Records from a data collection
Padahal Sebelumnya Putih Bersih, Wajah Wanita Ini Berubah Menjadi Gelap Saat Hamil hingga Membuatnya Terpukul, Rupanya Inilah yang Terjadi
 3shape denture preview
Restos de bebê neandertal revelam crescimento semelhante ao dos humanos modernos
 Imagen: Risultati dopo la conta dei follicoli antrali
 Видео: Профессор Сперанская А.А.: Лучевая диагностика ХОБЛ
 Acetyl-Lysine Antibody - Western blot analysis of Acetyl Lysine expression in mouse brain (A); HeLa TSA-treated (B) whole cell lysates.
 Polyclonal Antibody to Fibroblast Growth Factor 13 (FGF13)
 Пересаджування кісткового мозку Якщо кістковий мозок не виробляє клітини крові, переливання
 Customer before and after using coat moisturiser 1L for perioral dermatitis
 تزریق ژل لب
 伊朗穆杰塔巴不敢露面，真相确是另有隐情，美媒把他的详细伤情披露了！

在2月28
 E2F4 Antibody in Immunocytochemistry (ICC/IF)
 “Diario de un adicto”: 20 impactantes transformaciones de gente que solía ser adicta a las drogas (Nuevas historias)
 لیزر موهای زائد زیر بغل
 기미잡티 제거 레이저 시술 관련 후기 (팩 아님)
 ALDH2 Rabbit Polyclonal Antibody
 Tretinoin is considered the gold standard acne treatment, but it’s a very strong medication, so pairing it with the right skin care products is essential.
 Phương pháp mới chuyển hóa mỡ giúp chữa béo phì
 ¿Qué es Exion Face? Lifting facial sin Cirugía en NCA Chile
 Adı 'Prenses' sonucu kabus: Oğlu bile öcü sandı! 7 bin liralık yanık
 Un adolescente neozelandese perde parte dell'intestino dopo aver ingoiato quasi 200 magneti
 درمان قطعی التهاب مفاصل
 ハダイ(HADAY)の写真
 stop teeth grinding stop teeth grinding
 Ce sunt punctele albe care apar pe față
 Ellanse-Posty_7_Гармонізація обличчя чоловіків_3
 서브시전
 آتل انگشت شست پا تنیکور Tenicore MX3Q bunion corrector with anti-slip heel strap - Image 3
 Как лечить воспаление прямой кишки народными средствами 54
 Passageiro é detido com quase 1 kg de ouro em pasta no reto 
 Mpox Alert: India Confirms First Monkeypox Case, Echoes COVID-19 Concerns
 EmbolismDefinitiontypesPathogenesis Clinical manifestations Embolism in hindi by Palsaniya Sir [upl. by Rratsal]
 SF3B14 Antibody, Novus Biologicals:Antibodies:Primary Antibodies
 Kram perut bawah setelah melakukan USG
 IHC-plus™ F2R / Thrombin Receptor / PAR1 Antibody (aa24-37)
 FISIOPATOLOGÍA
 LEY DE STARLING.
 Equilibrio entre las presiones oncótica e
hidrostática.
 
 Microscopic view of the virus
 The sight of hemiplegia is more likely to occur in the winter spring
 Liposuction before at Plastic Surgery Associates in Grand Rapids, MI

### What you should do
Go through the lines above and count those that include "before"; give the total and nothing more.

### Response
2